The remaining basis for a new trial was an affidavit by Farrish Holbrook, the state's principal witness, who testified that he and Evans were involved in changing the identification numbers on stolen automobiles. Holbrook testified that he would purchase a demolished automobile and contact one of several men he knew to request them to steal a car of the same make and model. He would take the stolen car and remove its visible identification numbers and replace them with the identification number from the demolished auto and create a new title for such vehicle by requesting the state to issue a title in the number of the demolished vehicle as if he had rebuilt the wrecked automobile. Defendant's motion contained an affidavit of Holbrook in which he stated that he had made a deal with the county investigator, the county sheriff, and the district attorney, that in return for his confession and testimony against Evans that he would receive a sentence of 15 years -- 5 to serve. He also said that because of harassment to his family, and threats upon his life, he "wasn't sure of my rights nor of my status and safety. This caused several statements to get brought into the case that weren't exactly correct. I am not saying in this statement that I intentionally perjured myself at the trial, I am simply saying that I didn't exactly understand the proceedings [sic] I testified as to how I had been instructed to do so. Some of the things may have been incorrect." The motion was denied.

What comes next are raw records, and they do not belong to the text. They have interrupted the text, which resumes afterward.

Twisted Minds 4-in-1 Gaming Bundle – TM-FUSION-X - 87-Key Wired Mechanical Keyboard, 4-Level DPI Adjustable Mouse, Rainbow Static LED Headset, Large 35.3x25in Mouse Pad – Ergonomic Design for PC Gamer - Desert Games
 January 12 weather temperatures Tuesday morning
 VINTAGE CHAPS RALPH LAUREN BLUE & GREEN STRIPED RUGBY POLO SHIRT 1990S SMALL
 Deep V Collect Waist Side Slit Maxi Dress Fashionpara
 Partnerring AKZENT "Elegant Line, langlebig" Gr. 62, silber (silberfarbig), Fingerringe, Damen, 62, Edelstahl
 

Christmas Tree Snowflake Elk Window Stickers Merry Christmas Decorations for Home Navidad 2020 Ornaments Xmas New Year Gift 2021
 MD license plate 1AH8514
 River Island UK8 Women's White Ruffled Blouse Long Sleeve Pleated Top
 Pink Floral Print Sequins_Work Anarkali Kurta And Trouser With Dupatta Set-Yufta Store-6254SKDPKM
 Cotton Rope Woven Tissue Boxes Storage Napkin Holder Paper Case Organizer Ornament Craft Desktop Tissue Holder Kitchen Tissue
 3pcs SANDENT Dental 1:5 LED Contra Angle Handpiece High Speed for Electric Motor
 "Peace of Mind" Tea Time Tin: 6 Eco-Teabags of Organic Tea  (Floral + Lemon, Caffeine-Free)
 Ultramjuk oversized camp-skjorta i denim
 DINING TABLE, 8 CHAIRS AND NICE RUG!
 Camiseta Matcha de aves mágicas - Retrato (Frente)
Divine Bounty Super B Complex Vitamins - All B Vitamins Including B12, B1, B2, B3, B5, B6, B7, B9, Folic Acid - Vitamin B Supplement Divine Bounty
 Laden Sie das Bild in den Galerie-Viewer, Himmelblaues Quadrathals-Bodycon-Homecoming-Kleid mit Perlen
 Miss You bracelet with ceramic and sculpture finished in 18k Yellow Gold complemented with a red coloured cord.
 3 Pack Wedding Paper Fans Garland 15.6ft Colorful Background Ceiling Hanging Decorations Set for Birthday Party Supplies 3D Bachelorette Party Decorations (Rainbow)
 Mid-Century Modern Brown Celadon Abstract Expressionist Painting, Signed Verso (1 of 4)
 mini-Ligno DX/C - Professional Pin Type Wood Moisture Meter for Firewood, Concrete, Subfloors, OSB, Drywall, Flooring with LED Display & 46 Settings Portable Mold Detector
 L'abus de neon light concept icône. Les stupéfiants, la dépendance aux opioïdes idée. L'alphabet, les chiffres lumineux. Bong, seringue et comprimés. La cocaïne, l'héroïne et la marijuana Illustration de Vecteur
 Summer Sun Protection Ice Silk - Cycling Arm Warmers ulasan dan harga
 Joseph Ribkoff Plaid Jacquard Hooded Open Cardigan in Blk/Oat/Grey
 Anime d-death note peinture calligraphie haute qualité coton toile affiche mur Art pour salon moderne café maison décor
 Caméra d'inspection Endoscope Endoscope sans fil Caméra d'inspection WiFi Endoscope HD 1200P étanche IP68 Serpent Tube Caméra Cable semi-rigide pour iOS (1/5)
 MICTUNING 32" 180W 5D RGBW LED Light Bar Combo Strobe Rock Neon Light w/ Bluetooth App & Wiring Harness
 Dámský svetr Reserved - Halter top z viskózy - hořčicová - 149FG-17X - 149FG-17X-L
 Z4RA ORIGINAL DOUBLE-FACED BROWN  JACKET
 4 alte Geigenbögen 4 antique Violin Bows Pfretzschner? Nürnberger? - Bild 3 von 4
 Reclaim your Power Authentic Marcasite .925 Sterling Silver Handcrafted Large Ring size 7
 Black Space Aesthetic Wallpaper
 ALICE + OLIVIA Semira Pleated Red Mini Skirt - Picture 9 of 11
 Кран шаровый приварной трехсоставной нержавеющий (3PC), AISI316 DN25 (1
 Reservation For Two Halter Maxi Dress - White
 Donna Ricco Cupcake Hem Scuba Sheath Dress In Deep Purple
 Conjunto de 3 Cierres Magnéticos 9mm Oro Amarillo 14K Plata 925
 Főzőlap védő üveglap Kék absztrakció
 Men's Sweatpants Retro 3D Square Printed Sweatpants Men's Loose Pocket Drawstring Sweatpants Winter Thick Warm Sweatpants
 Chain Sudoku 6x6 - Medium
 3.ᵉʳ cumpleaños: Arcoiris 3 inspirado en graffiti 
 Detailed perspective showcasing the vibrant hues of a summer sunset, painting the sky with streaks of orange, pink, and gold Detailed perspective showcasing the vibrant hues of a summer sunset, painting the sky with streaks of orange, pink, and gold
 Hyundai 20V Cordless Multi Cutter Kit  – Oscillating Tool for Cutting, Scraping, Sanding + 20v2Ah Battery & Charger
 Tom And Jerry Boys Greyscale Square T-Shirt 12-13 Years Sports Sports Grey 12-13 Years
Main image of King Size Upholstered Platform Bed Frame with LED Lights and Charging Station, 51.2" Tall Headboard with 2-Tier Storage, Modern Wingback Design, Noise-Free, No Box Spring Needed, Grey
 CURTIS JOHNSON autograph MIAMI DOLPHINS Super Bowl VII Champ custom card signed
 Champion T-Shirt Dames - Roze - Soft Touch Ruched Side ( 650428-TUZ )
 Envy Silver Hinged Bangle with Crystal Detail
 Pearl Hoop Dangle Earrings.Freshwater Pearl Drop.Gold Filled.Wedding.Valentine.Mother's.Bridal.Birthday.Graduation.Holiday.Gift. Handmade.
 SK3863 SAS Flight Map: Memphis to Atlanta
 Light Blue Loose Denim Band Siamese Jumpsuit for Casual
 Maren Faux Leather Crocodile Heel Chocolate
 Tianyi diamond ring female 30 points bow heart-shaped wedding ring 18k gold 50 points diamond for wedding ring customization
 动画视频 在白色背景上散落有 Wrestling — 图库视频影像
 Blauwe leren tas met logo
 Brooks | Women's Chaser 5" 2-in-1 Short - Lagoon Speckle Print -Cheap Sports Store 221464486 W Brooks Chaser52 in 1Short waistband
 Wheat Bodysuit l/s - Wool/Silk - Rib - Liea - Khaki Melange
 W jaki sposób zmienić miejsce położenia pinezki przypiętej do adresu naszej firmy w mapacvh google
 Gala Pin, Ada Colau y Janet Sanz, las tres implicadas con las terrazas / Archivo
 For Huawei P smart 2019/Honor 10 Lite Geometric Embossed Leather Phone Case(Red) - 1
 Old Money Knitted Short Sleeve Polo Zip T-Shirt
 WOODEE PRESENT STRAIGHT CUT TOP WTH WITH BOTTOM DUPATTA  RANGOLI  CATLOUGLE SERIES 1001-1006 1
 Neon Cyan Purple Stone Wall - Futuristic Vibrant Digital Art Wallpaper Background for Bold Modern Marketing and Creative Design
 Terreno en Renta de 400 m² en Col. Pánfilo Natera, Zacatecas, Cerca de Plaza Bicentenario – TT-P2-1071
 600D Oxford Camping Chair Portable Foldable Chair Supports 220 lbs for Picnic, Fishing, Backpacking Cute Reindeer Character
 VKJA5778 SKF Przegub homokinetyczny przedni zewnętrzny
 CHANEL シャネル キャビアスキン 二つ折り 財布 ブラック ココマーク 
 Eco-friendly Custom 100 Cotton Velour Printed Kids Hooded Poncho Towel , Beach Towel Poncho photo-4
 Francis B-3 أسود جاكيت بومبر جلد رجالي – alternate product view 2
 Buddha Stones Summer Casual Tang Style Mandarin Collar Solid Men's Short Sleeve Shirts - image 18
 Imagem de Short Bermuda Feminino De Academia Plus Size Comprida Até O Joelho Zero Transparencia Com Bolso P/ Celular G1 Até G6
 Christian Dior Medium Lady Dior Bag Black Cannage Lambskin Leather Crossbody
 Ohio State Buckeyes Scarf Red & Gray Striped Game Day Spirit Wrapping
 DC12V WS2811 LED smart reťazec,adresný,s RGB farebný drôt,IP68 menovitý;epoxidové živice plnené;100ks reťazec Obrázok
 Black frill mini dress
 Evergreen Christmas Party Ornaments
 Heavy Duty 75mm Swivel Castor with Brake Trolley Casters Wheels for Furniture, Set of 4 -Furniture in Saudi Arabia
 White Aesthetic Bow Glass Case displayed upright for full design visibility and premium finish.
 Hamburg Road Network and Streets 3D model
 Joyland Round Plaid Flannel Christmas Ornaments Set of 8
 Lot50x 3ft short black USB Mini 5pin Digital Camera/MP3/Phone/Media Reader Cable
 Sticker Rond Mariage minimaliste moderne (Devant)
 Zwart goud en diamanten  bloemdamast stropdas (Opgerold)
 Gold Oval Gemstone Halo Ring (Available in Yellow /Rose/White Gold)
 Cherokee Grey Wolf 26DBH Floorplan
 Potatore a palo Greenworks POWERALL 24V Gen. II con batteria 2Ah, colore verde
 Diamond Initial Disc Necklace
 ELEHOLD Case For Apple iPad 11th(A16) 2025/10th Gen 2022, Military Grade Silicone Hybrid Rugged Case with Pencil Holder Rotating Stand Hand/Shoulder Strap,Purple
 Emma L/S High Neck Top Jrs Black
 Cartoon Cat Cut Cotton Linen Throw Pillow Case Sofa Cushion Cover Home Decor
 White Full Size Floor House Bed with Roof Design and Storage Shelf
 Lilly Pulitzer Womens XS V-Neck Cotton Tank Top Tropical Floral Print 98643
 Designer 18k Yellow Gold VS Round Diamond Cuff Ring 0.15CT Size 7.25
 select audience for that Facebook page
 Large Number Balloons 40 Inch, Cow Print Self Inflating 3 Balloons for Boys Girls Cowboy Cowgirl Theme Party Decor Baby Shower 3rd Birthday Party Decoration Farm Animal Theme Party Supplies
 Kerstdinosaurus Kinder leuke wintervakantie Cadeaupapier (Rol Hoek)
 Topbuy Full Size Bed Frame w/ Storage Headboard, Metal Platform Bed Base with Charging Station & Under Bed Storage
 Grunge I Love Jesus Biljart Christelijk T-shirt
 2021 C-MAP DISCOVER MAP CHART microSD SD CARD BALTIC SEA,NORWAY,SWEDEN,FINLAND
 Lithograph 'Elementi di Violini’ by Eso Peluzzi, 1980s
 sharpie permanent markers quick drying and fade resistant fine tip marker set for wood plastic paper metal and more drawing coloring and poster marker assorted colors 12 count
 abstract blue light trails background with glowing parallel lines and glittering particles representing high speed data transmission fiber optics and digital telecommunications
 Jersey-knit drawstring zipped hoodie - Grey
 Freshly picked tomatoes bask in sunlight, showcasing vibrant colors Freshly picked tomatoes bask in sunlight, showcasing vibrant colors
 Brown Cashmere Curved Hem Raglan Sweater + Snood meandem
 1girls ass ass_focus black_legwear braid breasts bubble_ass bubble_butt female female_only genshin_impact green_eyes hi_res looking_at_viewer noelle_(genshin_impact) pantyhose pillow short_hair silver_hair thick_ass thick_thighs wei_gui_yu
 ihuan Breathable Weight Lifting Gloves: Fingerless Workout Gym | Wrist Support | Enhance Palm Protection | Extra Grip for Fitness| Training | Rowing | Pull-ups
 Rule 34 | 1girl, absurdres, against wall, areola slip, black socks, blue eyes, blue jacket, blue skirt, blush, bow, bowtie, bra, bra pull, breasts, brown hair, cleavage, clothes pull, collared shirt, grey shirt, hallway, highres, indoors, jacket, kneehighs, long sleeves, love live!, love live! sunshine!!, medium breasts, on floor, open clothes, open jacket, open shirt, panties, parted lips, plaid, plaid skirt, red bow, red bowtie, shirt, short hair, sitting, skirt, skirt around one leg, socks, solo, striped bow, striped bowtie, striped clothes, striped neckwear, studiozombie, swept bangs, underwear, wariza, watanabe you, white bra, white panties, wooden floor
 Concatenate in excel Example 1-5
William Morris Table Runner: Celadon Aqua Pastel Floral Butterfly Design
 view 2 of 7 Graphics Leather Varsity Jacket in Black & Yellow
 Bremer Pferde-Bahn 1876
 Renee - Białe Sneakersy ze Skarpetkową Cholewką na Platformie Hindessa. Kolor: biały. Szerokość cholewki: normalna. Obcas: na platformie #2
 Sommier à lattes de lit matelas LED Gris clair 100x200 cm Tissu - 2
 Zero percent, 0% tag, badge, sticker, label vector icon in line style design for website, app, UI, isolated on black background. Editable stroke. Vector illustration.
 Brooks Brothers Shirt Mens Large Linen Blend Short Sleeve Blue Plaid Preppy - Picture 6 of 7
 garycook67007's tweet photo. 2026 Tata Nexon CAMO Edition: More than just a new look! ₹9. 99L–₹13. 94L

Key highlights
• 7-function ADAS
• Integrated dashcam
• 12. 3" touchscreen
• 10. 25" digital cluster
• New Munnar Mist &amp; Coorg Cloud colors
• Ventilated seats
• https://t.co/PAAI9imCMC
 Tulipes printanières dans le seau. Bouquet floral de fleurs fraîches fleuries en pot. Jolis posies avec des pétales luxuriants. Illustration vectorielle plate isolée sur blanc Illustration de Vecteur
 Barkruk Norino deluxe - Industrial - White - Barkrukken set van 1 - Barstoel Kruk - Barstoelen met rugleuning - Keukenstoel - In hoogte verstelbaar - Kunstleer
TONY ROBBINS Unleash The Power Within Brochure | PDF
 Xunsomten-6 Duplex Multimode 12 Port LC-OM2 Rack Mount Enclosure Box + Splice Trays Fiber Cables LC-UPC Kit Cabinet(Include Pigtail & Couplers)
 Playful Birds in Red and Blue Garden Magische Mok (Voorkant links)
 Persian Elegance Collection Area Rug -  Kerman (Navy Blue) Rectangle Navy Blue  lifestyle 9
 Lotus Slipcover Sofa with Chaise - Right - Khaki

Counsel for defendant, in a motion for extension of time to file a transcript of the hearing on the motion, stated: "In order to expedite this matter, counsel has filed an Amended Notice of Appeal in order to omit said transcript from the record and, instead, rely on the transcript of proceedings in the trial and subsequent motions, briefs and orders." The amended notice of appeal did direct the Clerk to omit the transcript of the hearing on the motion.
On appeal counsel argues that the original trial was "a contest of the believability of Holbrook vs. Appellant" and that the withholding of this information of the deal promised the defendant by the State was in violation of Brady v. Maryland, 373 U. S. 83 (83 SC 1194, 10 LE2d 215) and Giglio v. United States, 405 U. S. 150 (92 SC 763, 31 LE2d 104). In Giglio, the Supreme Court found a violation of due process where the jury was not informed of the fact that a key witness for the government against the defendant was promised immunity from prosecution. They found that "[w]hen the 'reliability of a given witness may well be determinative of guilt or innocence.' nondisclosure of evidence affecting credibility falls within this general rule" . . . that "deliberate deception of a court and jurors by the presentation of known false evidence is incompatible with 'rudimentary demands of justice.' " 405 U. S. at 153 and 154.
Turning to the matter of the newly discovered evidence that Ms. Stinnett mistakenly testified as to the wrong year in which her car had been stolen, we find that such evidence affects only her credibility. In Bell v. State, 227 Ga. 800
, 805 (183 SE2d 357
), the Supreme Court discussed the six criteria to be used in deciding whether a defendant is entitled to a new trial on the basis of newly discovered evidence. The last criterion was that a new trial will not be granted if the only effect of the evidence would be to impeach the credit of a witness. The trial court did not err in refusing to grant a new trial on the basis of this evidence.
Rafe Banks III, District Attorney, for appellee.